# Data Acquisition

In [1]:
from datetime import datetime
import time
import opendota
import pandas as pd
import numpy as np
import json
import os

In [5]:
pd.set_option('display.float_format', lambda x: '%.0f' % x)

In [135]:
def get_match_list(datetime_start_unix, dateime_end_unix):
  '''Queries the OpenDota "public_matches" table between two datetimes using PostgreSQL and saves a csv called matches_yyyymmdd_hhmmss.csv'''
  client = opendota.OpenDota()

  result_size = 500000
  start_time = datetime_start_unix
  i=0

  # Divides the requests into 500000 chunks, due to size limitations when querying the OpenDota API
  while result_size == 500000:
    i=i+1
    output_cur = client.explorer(f'SELECT * FROM public_matches where start_time > {start_time} AND start_time < {dateime_end_unix} LIMIT 500000')
    start_time = output_cur[-1]['start_time']
    result_size = len(output_cur)
    df_output_cur = pd.DataFrame(output_cur)
    
    if i == 1:
      df_matches = df_output_cur
    else:
      df_matches = pd.concat([df_matches, df_output_cur], axis=0)

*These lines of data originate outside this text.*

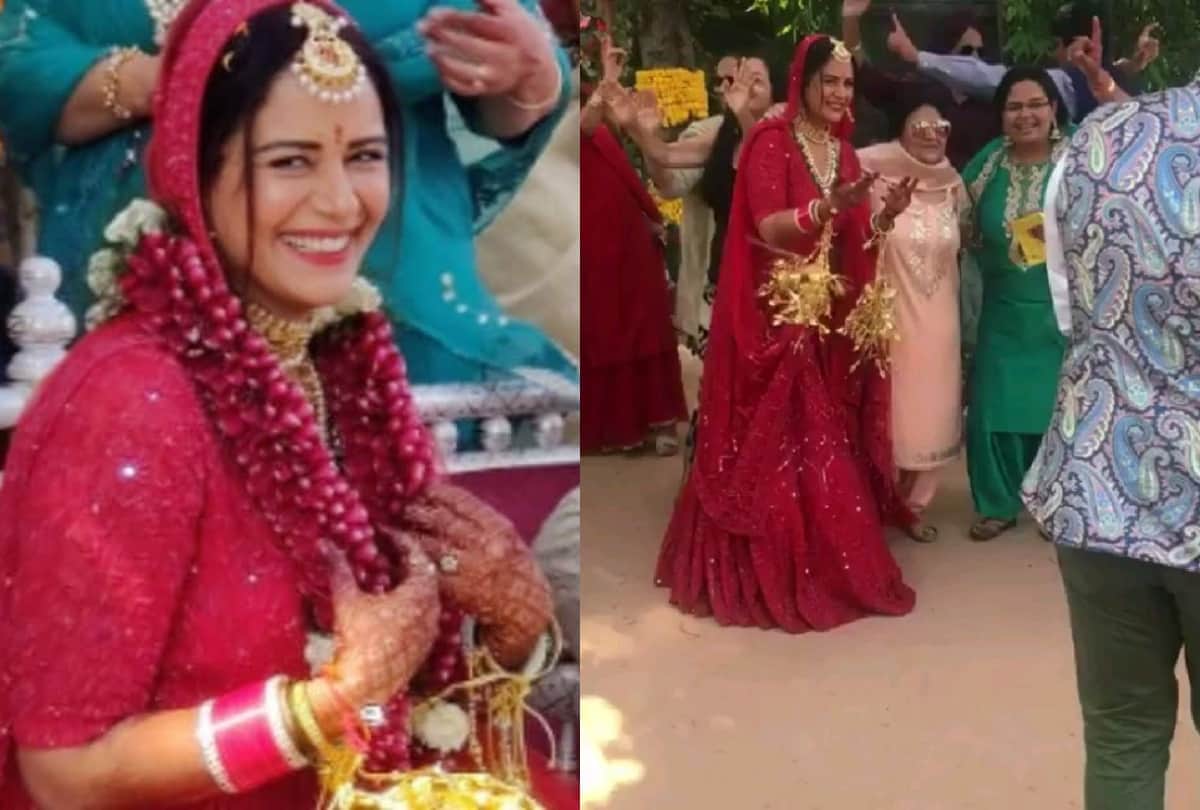 mona singh looks beautiful in red lehenga in wedding photos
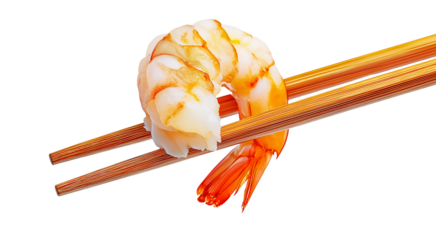 Delicious, juicy shrimp held by chopsticks on transparent background, PNG format.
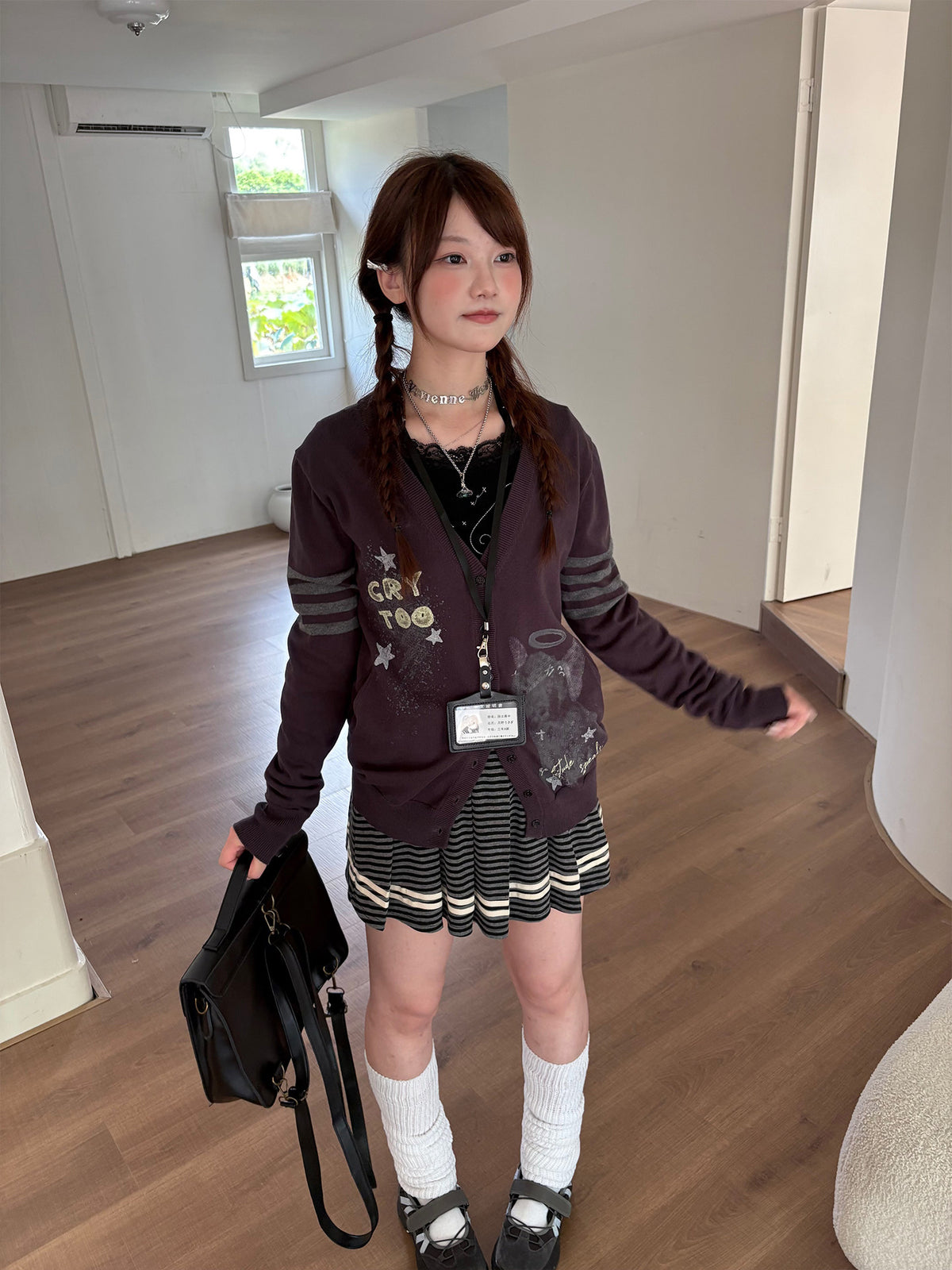 Charcoal Striped Star Pleated Mini Skirt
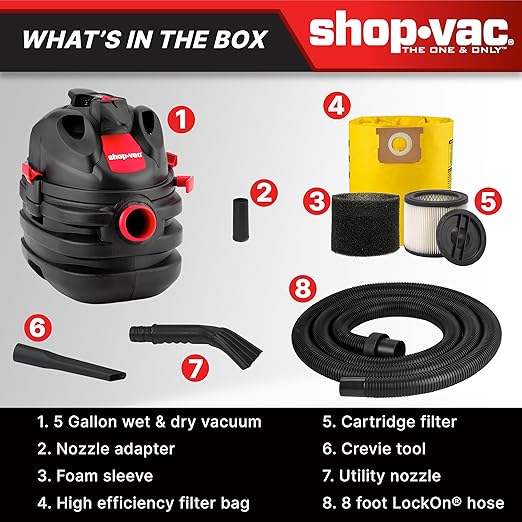 Shop-Vac 5 Gallon 6.0 Peak HP Portable Wet/Dry Vacuum, 1-1/2 Inch Diameter x 8 - Image 5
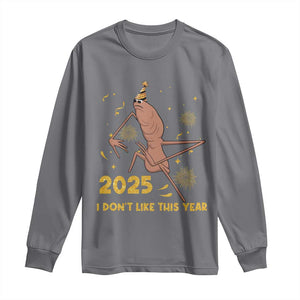 Funny Marcus The Worm New Year Long Sleeve Shirt 2025 I Dont Like This Year Fireworks NYE Party TS11 Charcoal Print Your Wear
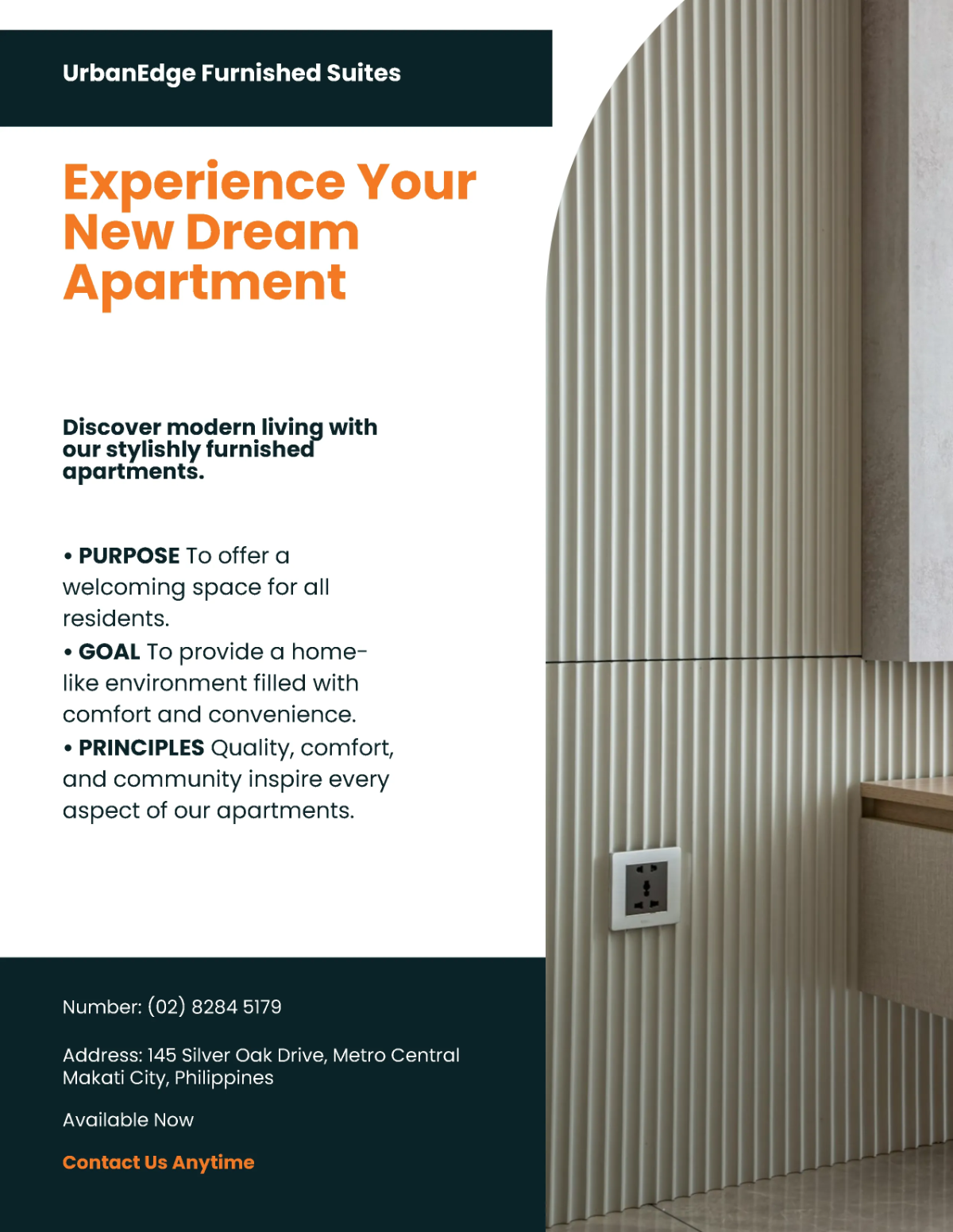 Free Modern Furnished Apartment Flyer Template to Edit Online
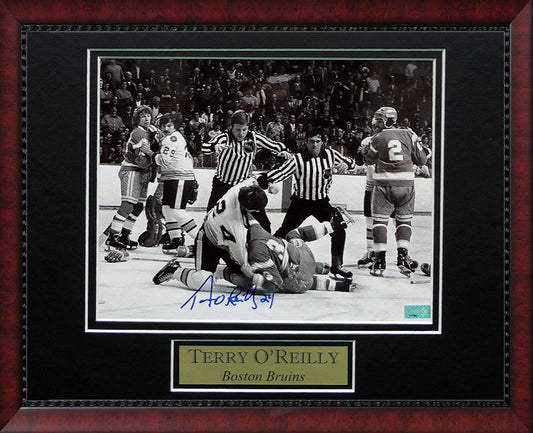 Terry O'Reilly Autograph Photo 11x14 Ice Fight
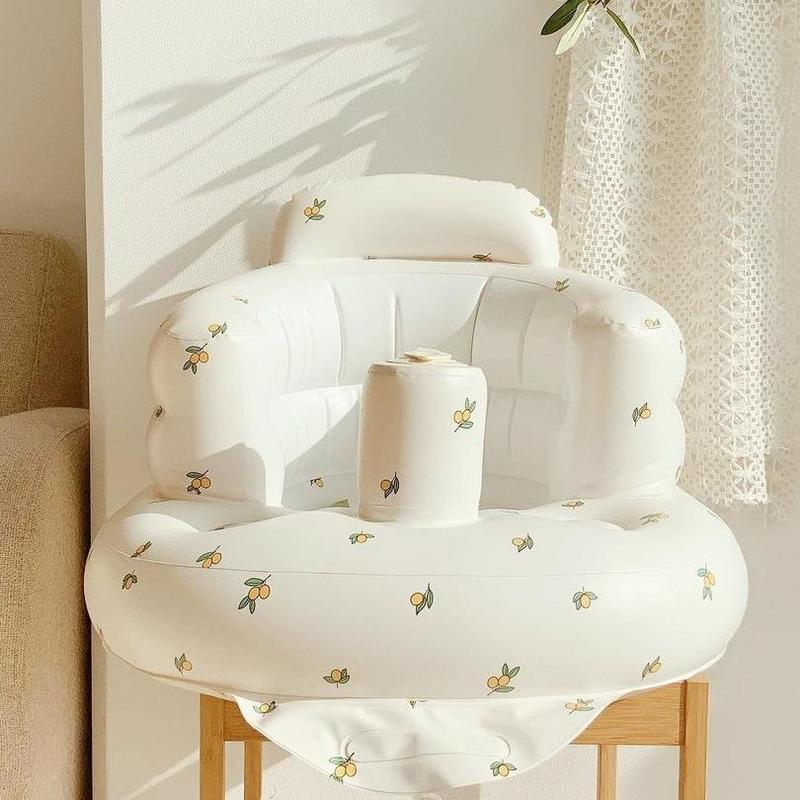 Baby's First Chair, 1 Count Cozy Inflatable Baby Sofa, Cute Animal & Plant Pattern Baby Learning Seat, Foldable Baby Shower Chair for Baby Boys and Girls, Stocking Fillers, Birthday Gifts, Baby Furniture, High Chair 3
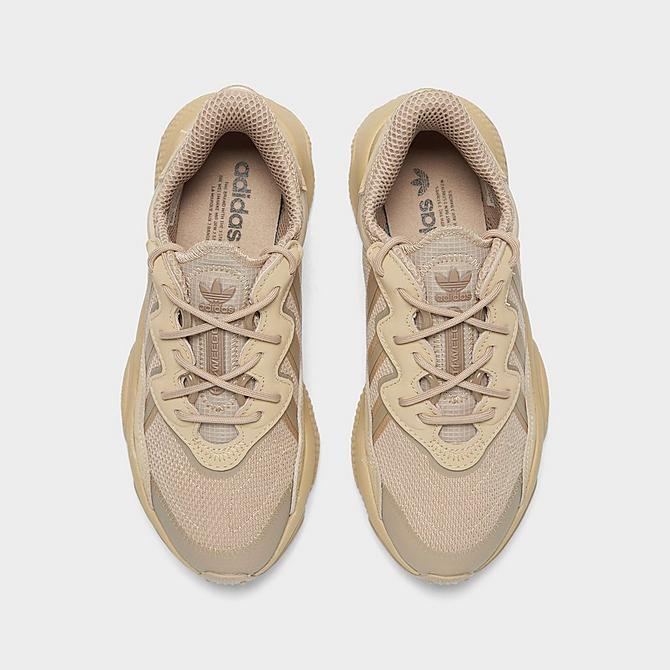 Back view of Big Kids' adidas Originals Ozweego Casual Shoes in Beige Tone/Beige Tone/Cardboard Click to zoom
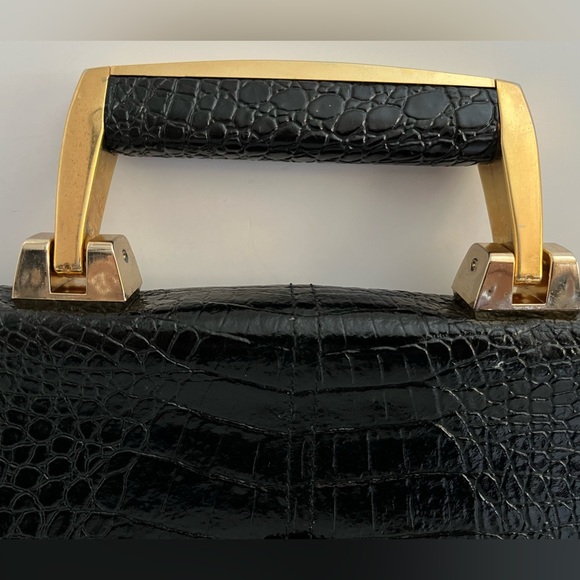 Vintage Genuine Reptile Embossed Patent Leather Small Briefcase/Shoulder Bag - Picture 13 of 16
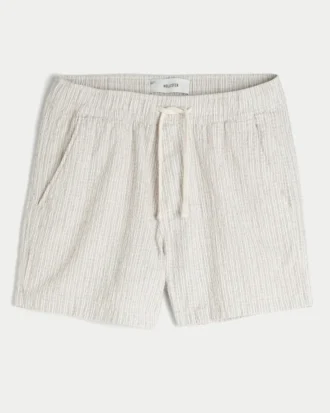 Linen-Blend-Seersucker-Shorts in mittlerer Länge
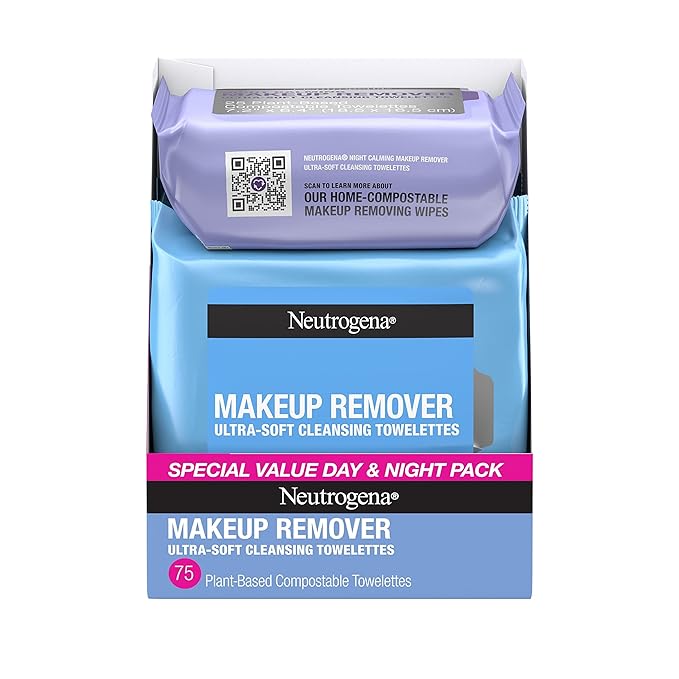 Neutrogena Day & Night Wipes, Makeup Remover Face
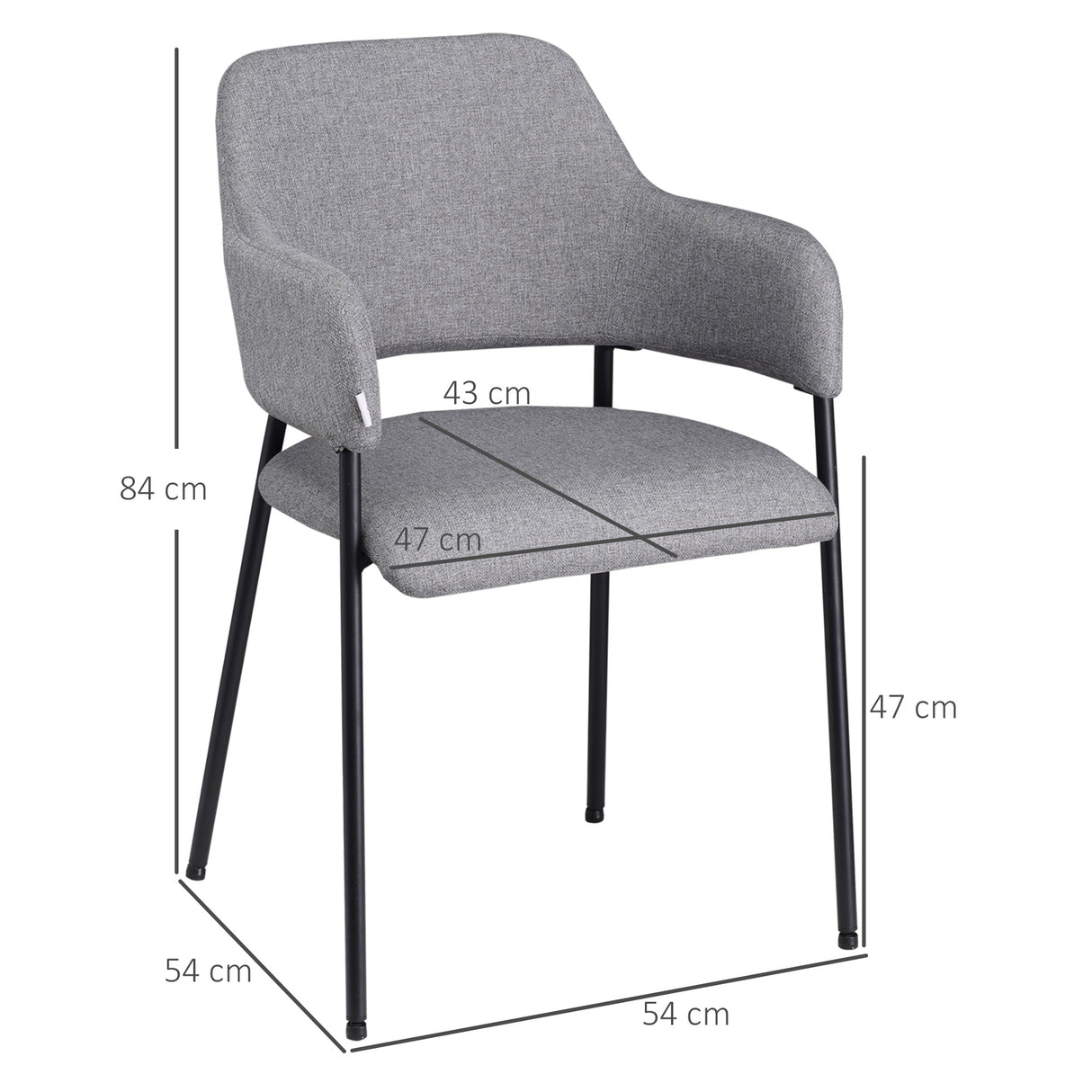 easycomfort easycomfort set da 2 sedie imbottite moderne in tessuto con braccioli e gambe in acciaio 54x54x84cm grigio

    print('Loop ' + str(i) +' - Size ' + str(len(df_matches))) 
  
  return df_matches

In [7]:
# Generate match list
# Dates for fixed hero time:
# Marci added 28/10/2021, so 29/10/2021 = 1635462000
# Primal Beast added 23/02/2022, so 22/02/2022 = 1645488000
# Above time window is ~4 months

# Dates for Primal Beast added
# Primal Beast added 23/02/2022, so 24/02/2022 = 1645660800
# Up to 2 months after, so 24/04/2022 = 1650758400

### Sometimes the first few runs do not work due to no response for the OpenDota API - keep trying and it will eventually work
df_matches = get_match_list(1635462000,1645488000)
df_matches.to_csv(f'matches.csv', index=False)

Loop 1 - Size 500000
Loop 2 - Size 1000000
Loop 3 - Size 1500000
Loop 4 - Size 2000000
Loop 5 - Size 2500000
Loop 6 - Size 3000000
Loop 7 - Size 3500000
Loop 8 - Size 4000000
Loop 9 - Size 4500000
Loop 10 - Size 5000000
Loop 11 - Size 5500000
Loop 12 - Size 5600752


In [9]:
def get_match_picks(match_ids):
    query_size = 1000 # allows multiple match_ids per query, reducing the total number of queries and improving extraction speed (OpenDota only returns around 1000 at a time)
    client = opendota.OpenDota()
    columns = ['match_id'] + [f'hero{i}_pick' for i in range(0,10)] + [f'hero{i}_slot' for i in range(0,10)]
    num_matches = len(match_ids)
    df_picks = pd.DataFrame(
        data=np.zeros([num_matches,len(columns)]),
        columns=columns)

    count = 0
    row = -1

    match_ids_current = []
    for match_id in match_ids:
        count+=1
        match_ids_current.append(str(match_id)) # builds up a list of match_ids until reaching query size, or until last match reached
        if (count==query_size) | ((num_matches-row-len(match_ids_current))==1):
            count = 0 # reset count
            match_ids_current_str = ','.join(match_ids_current) # expands list in comma-separated string for use in PostgreSQL query
            query = f'SELECT * FROM public_player_matches WHERE match_id IN ({match_ids_current_str})'
            client = opendota.OpenDota()
            picks = client.explorer(query) # query OpenDota
            
            # loop through results (each item is a match id pick, there *should* be 10 picks per match id)
            match_id_cur = -1 # memory of current match_id_cur, allows moving to next row in output df
            hero = -1 # initial hero
            for pick in picks:
                # new match_id means move to next row
                if pick['match_id'] != match_id_cur:
                    match_id_cur = int(pick['match_id'])
                    row+=1 # next row for next match
                    hero=-1 # reset first hero
                    
                    df_picks.loc[df_picks.index[row], 'match_id'] = match_id_cur # assign match_id column
                
                hero+=1
                df_picks.loc[df_picks.index[row], f'hero{hero}_pick'] = pick['hero_id']
                df_picks.loc[df_picks.index[row], f'hero{hero}_slot'] = pick['player_slot']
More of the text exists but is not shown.